- [Task statement]
Return exactly the lines of the records below, starting at the line that contains "2024 Nissan X-TRAIL ST T33" and ending at the line that contains "Desk, free WiFi, bed", with both of those lines kept.

- [Data excerpts]
- Opening Delimiter -
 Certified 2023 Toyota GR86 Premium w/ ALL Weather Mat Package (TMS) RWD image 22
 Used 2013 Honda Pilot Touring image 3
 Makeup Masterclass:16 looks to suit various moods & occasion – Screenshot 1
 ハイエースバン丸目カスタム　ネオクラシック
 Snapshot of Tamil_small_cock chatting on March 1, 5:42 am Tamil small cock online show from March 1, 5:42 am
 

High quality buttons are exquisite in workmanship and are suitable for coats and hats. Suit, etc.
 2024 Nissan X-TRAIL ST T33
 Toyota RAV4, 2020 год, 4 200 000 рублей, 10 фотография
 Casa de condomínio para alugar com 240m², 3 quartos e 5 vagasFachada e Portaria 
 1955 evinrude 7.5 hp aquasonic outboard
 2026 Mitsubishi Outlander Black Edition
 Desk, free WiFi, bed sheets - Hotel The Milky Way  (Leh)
- Closing Delimiter -
- Opening Delimiter -
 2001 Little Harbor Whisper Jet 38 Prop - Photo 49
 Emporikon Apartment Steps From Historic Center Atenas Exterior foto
- Closing Delimiter -
- Opening Delimiter -
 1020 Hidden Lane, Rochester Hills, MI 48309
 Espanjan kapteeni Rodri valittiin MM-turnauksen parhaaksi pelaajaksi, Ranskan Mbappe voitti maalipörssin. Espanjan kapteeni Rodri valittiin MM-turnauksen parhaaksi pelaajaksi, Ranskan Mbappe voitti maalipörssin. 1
- Closing Delimiter -
- [Solution to this problem]
 2024 Nissan X-TRAIL ST T33
 Toyota RAV4, 2020 год, 4 200 000 рублей, 10 фотография
 Casa de condomínio para alugar com 240m², 3 quartos e 5 vagasFachada e Portaria 
 1955 evinrude 7.5 hp aquasonic outboard
 2026 Mitsubishi Outlander Black Edition
 Desk, free WiFi, bed sheets - Hotel The Milky Way  (Leh)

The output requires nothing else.